A columnstore index is considered fragmented if it has
- Multiple delta rowgroups. The delta rowgroups are not necessarily a negative as they can be used to minimize the impact on transactional workload in real-time operational analytics. If your goal is to speed up the analytics queries to what is possible, then you can get the best performance when all the rows are in the compressed rowgroups. Besides speeding up the queries, compressed rowgroups typically take 10x less storage than delta rowgroup and proportionally less memory when they are scanned.
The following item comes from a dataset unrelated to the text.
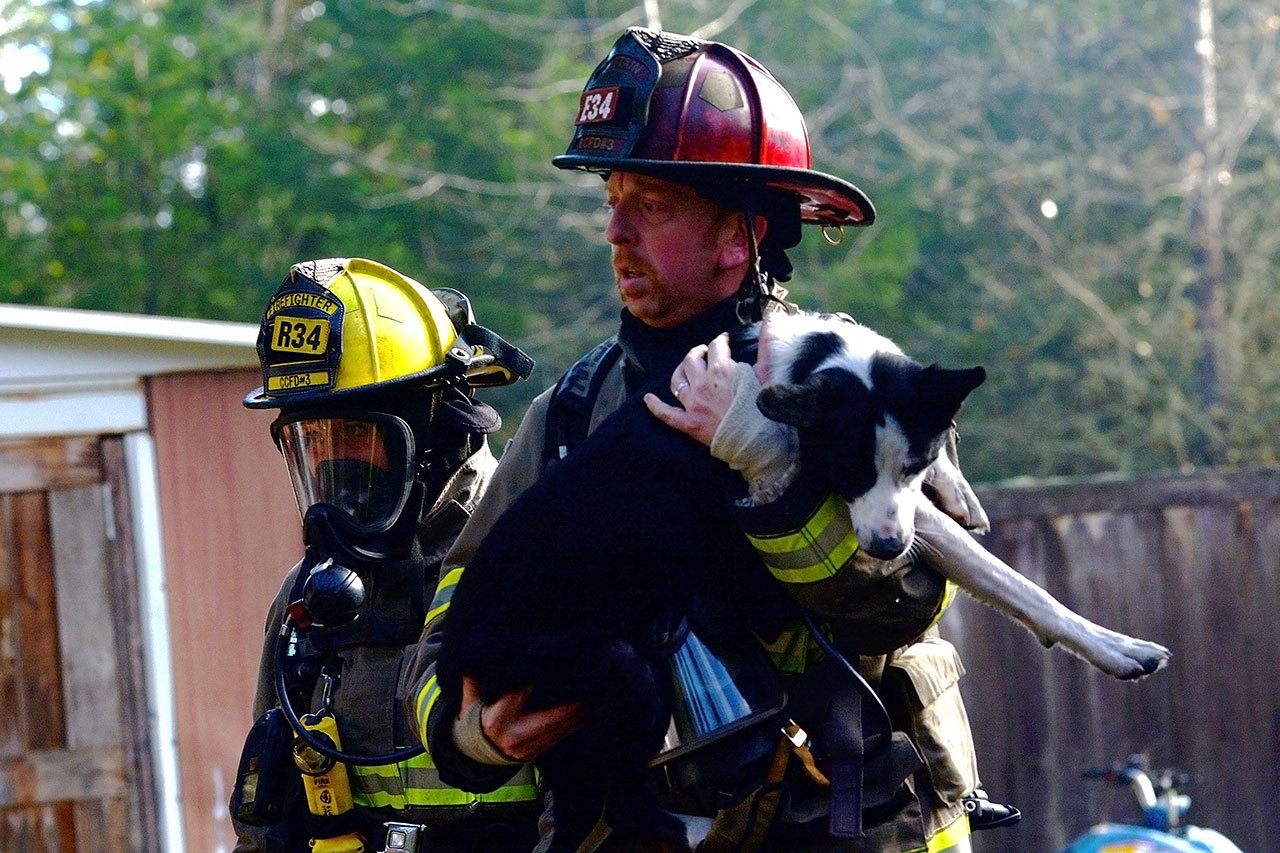 Marc Lawson, Captain for Clallam Fire District No. 3, carries a dog from a house that caught fire on Blue Valley Road east of Port Angeles on Sunday morning. (Jesse Major/Peninsula Daily News)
- Deleted rows: when a rowgroup is compressed, it is marked read-only. Unlike when the rows are stored in rowstore in pages, there is no easy way to remove compressed row. I am sure you don’t want uncompress a rowgroup, delete the row and then re-compress it as this will be prohibitively expensive. What SQL Server does instead it store the information to identify the row in an internal btree structure referred to as delete-bitmap and delete-buffer. While this is more efficient for the delete operation, all analytic queries must filter the deleted rows out by internally executing ‘anti-semijoin’ before the query results can be returned. Ideally, you don’t want any deleted rows.
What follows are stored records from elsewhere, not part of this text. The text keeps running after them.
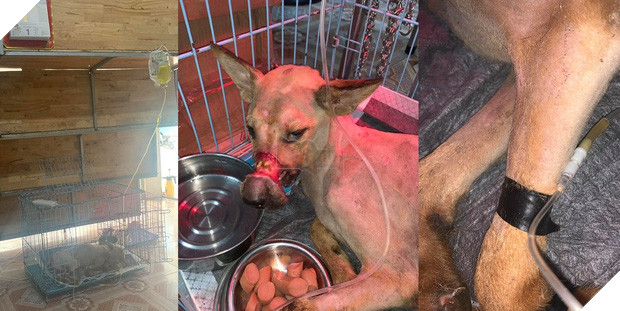 Cãi lời vợ, chàng trai trẻ bỏ hàng trăm triệu để “đổi đời” cho hàng nghìn chú chó mèo bị bỏ rơi ở Huế - Ảnh 14.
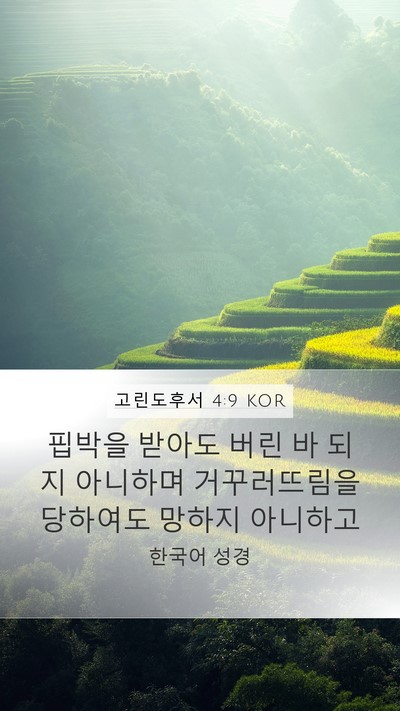 고린도후서 4:9 KOR Bible Verse Image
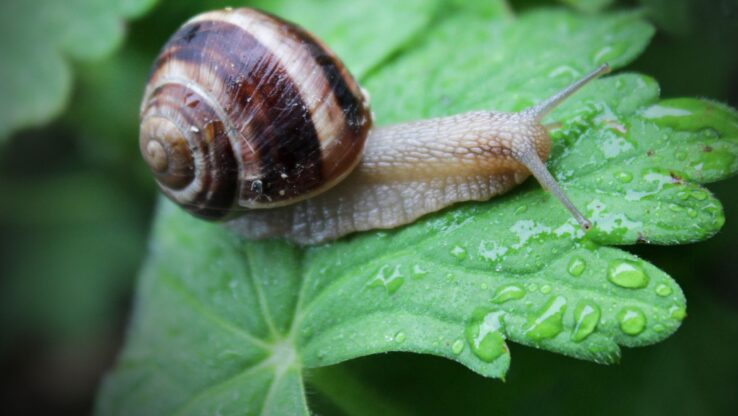 how long would it take a snail to travel a mile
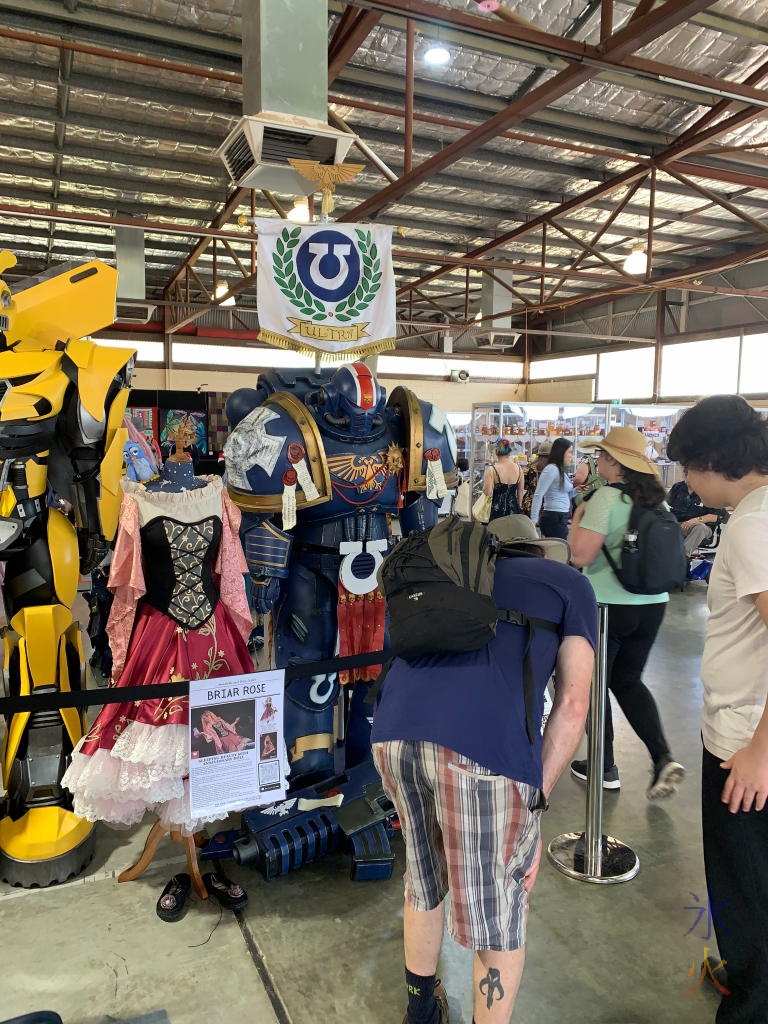 Warhammer Space Marines cosplay that 15yo beelined for (next to equally impressive Briar Rose and Bumblebee cosplays) at Perth Royal Show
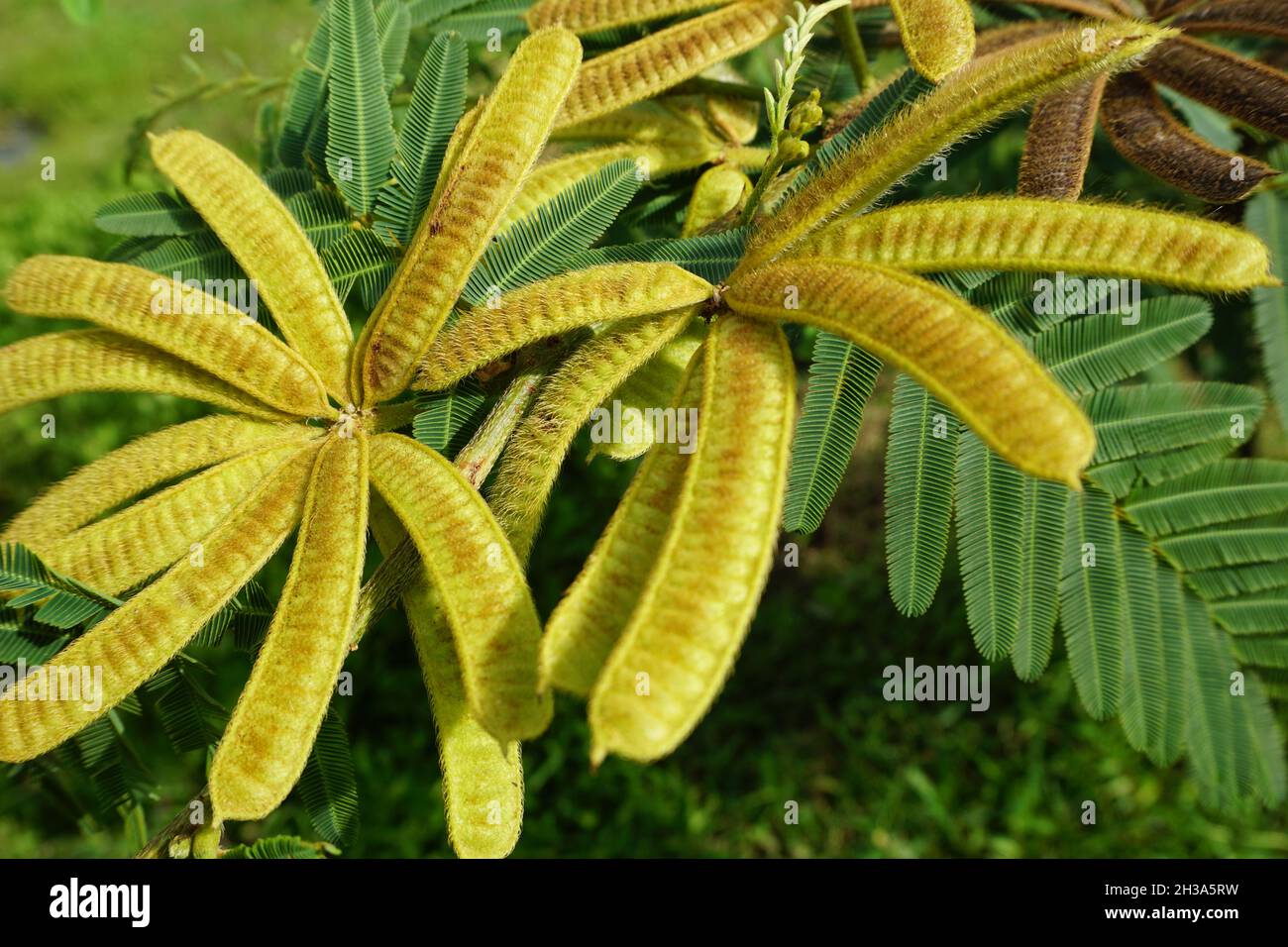 Mimosa pigra with natural background. Mimosa pigra, commonly known as the giant sensitive tree, (pigra, lazy, slow), is a species of the genus Mimosa, Stock Photo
- Ideal compressed rowgroup has a size of 1 million rows (1024*1024 = 1048576) and most compressed rowgroups are of this size but they can be smaller for multiple reasons. For example, if you are bulk importing data and your batchsize is set to 102400, it will generate compress rowgroup of size 102400. You could choose a batchsize in the multiples of 1 million but more often than not, you have little control on how the source files are generated. There are also situations such as hitting the dictionary size limit where you can’t really much to change it. Please refer to https://blogs.msdn.microsoft.com/sqlserverstorageengine/2014/05/03/clustered-column-store-factors-that-impact-size-of-a-rowgroup/ for some examples.
Let us now look at how you can use REORGANIZE command to defragment your columnstore index. Note, this command is only supported for clustered columnstore index (CCI) and nonclustered columnstore index for disk-based tables. In the example below, I create an empty table and then create a clustered columnstore index and finally I load 300k rows. SQL Server 2016 loads data from staging table into CCI in parallel when you specify TABLOCK hint. The machine I ran this test on has 4 logical processors so the 300k rows got divided into 75k each between 4 threads. Since each thread was loading < 102400 rows, the columnstore index ends up with 4 delta rowgroups as shown below.
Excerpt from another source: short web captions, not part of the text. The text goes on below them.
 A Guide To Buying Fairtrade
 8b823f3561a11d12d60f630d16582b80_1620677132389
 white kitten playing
Now suppose I don’t need to load any more data, but I want to compress these rows into compressed rowgroups. The new choice in SQL Server 2016 is to use REORGANIZE command as shown below. Note, you need to use the option COMRPESSS_ALL_ROW_GROUPS to compress delta rowgroups.
-- run this to compressed OPEN RGs
alter index ccitest_temp_cci on ccitest_temp reorganize with (COMPRESS_ALL_ROW_GROUPS = ON)
Now, if you look at the rowgroups again, you will see that delta rowgroups have been compressed. Existing delta rowgroups transition into TOMBSTONE state and removed later when there is no reference to them.
While the compression is good, but notice that each of the compressed rowgroup has only 75k rows. Ideally, you want to combine all these rowgroups into 1 compressed rowgroup. Now, let us delete some rows. You will see that the 30000 rows are marked deleted in the first compressed rowgroup but the original 75k rows still remain compressed. This is because compressed rowgroups are read-only.
-- delete some rows
delete top (30000) from ccitest_temp
You can do that by running the command. Note, I did not use option COMRPESSS_ALL_ROW_GROUPS as I only want to combine the smaller compressed rowgroups.
alter index ccitest_temp_cci on ccitest_temp reorganize
The resultant rowgroups shows 1 single compressed rowgroup with 270k rows and all other compressed rowgroups are ‘tombstone’d meaning they are ready to be garbage collected and removed in the background.
This was a simple example to show how REORGANIZE command can combine multiple compressed rowgroups into one and remove deleted rows. REORGANIZE command follows a MERGE policy on how it chooses to remove deleted rows or combine the compressed rowgroups. The merge policy used by REORGANIZE command is described @ https://blogs.msdn.microsoft.com/sqlserverstorageengine/2016/03/08/columnstore-index-merge-policy-for-reorganize/
In summary, for common customer scenarios, once you create CCI or NCCI which is an OFFLINE operation, you can maintain the columnstore index ONLINE using REORGANIZE command. Note, this command is NOT supported on memory-optimized tables. For memory-optimized tables, when the number of deleted rows exceed an internal threshold, the compression rowgroup is removed after re-inserting the remaining rows into the ‘tail’ (i.e. the virtual delta rowgroup).